▶ [What the exercise asks]
Exactly transcribe the line that holds "Vorspeise mit Shrimps" and every remaining line of the records, up to and including the final one, with nothing else.
Data for review section start
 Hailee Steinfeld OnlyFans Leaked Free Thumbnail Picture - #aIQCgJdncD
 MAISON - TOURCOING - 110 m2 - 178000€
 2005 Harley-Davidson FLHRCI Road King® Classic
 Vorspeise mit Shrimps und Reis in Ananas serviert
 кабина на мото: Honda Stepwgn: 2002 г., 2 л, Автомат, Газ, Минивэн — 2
Data for review section end
▶ [Solution to this task]
 Vorspeise mit Shrimps und Reis in Ananas serviert
 кабина на мото: Honda Stepwgn: 2002 г., 2 л, Автомат, Газ, Минивэн — 2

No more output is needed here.